| WORK INSTRUCTION |
Which lines of the entries below run from the one holding "Sun Odyssey 419 - Yacht Charter Sailica" to the one holding "para el cine", inclusive? Set down exactly those lines and no others.

DATA PROVIDED section start

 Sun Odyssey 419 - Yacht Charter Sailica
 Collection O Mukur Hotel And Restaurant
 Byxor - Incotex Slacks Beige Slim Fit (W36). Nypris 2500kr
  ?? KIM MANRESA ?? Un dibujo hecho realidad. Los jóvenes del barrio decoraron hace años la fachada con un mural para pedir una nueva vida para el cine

DATA PROVIDED section end
DATA PROVIDED section start

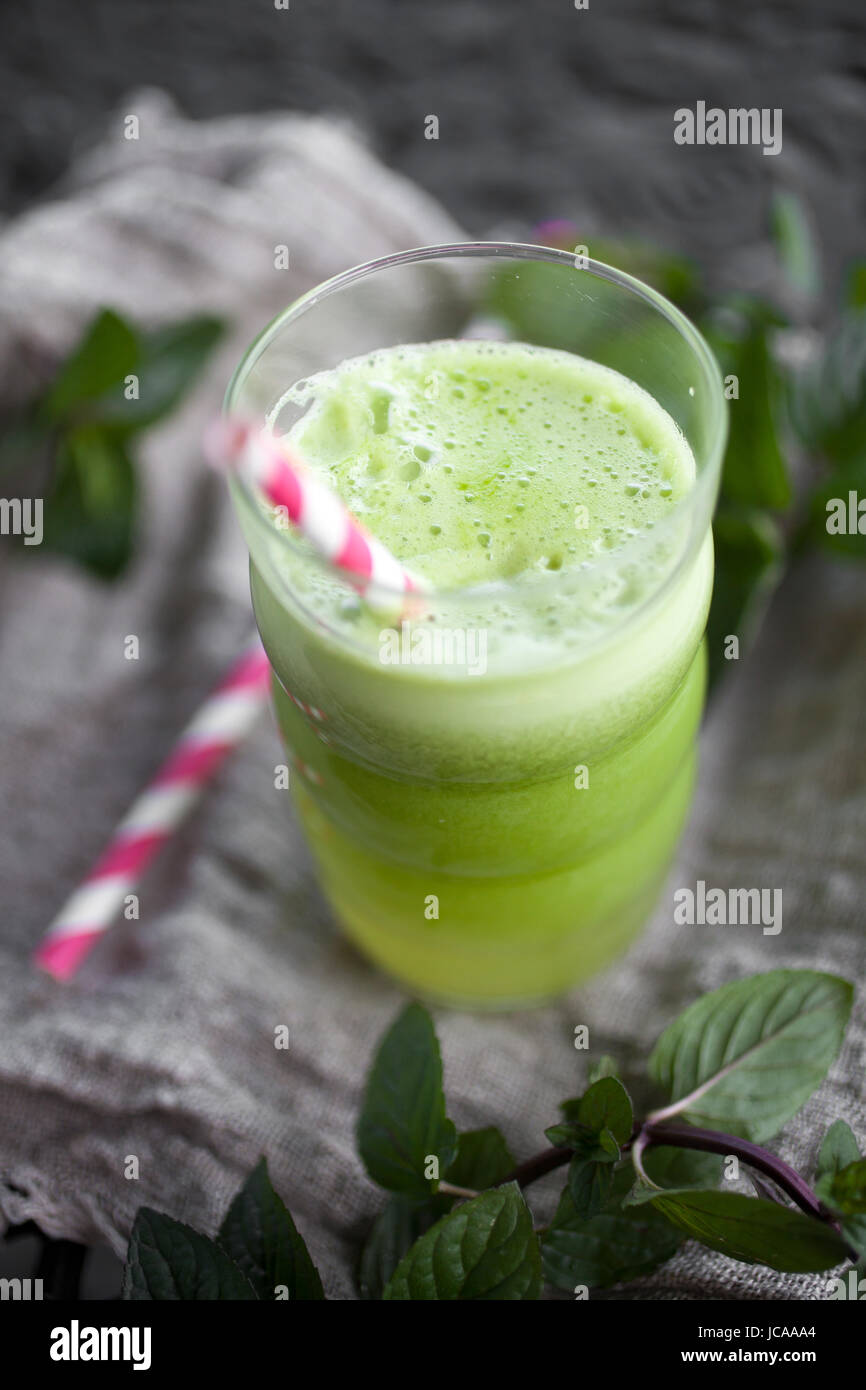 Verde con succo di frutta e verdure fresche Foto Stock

DATA PROVIDED section end
DATA PROVIDED section start

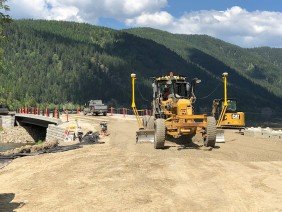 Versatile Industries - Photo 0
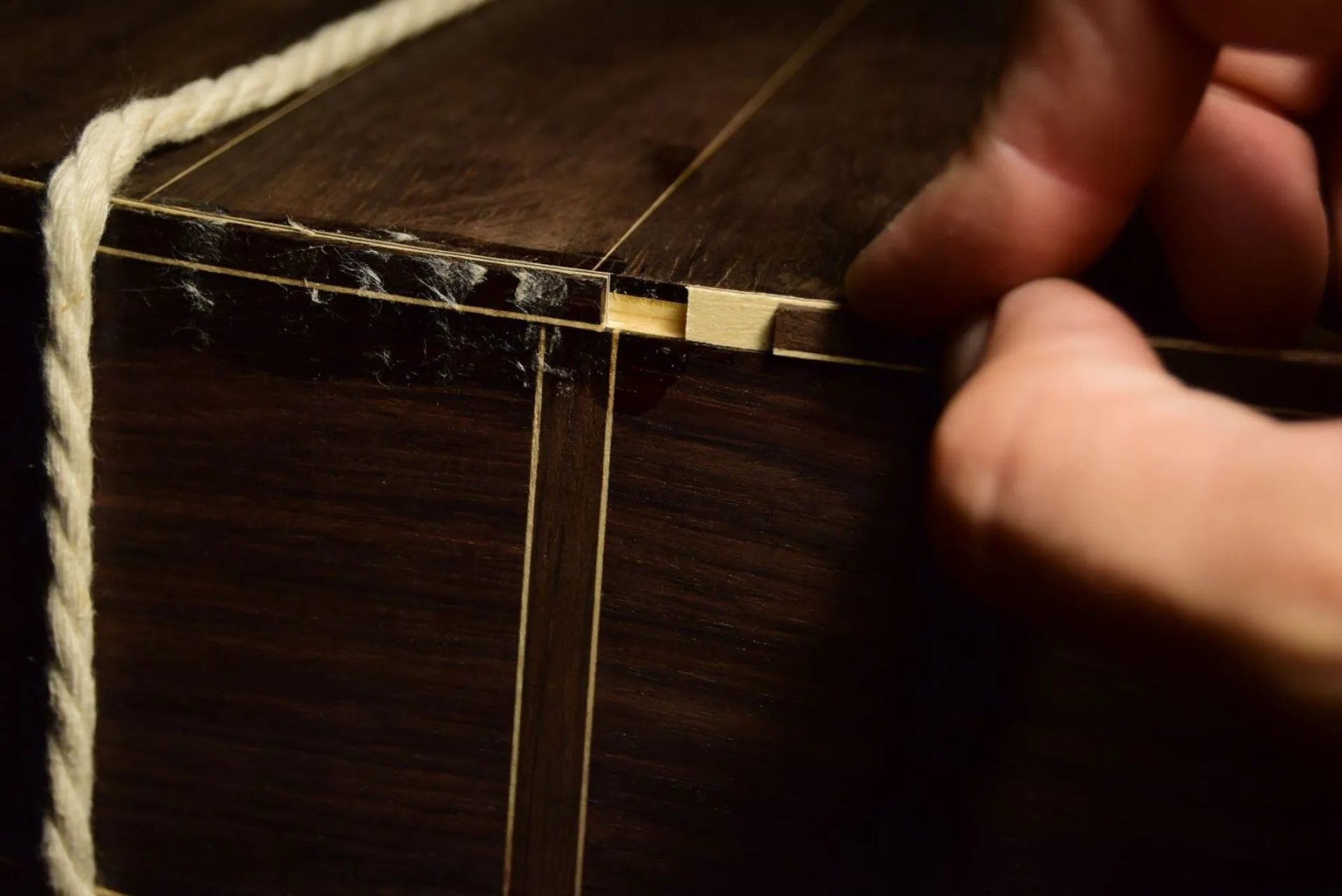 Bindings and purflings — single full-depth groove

DATA PROVIDED section end

| REPLY |
 Sun Odyssey 419 - Yacht Charter Sailica
 Collection O Mukur Hotel And Restaurant
 Byxor - Incotex Slacks Beige Slim Fit (W36). Nypris 2500kr
  ?? KIM MANRESA ?? Un dibujo hecho realidad. Los jóvenes del barrio decoraron hace años la fachada con un mural para pedir una nueva vida para el cine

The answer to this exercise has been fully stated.